== DATASET CONTENT ==

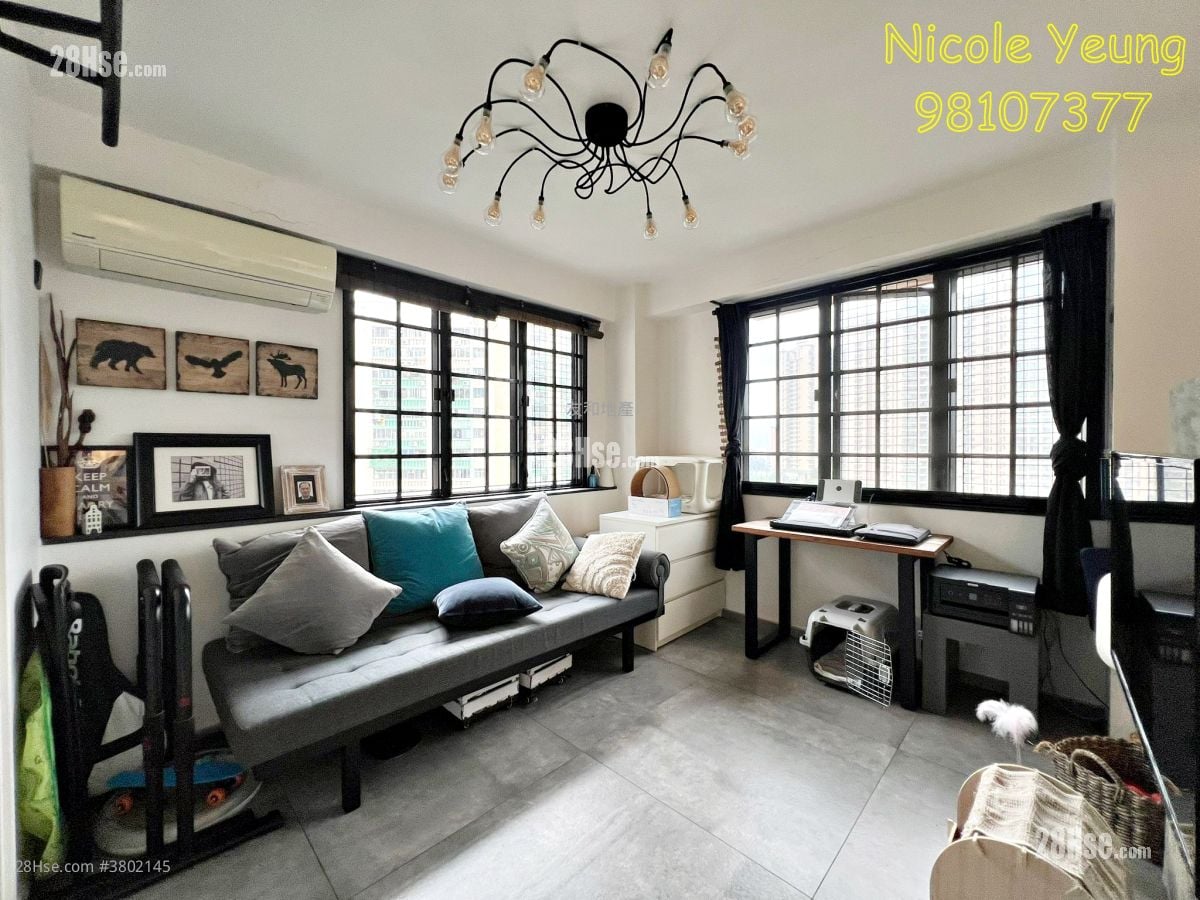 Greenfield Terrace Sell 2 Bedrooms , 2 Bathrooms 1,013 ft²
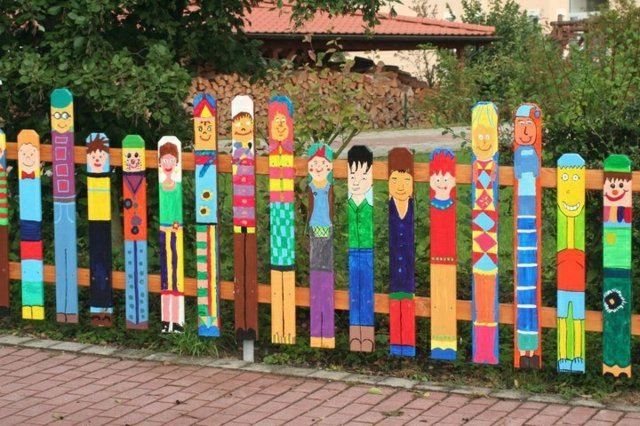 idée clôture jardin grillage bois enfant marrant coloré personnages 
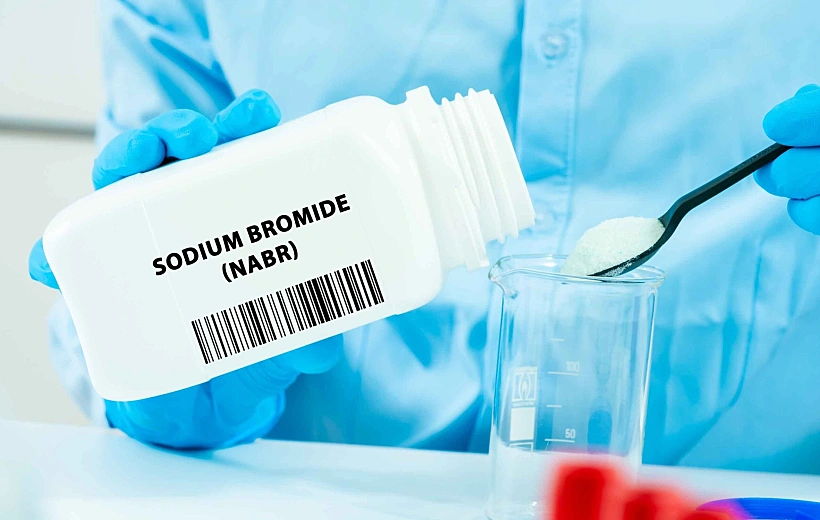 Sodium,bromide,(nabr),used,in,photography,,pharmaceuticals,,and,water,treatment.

===

Copy word for word every line from the one holding "idée clôture jardin" to the end of the listing, both ends included, but do not copy any pictures.

### [SOLUTION FOR THIS EXERCISE]
 idée clôture jardin grillage bois enfant marrant coloré personnages 
 Sodium,bromide,(nabr),used,in,photography,,pharmaceuticals,,and,water,treatment.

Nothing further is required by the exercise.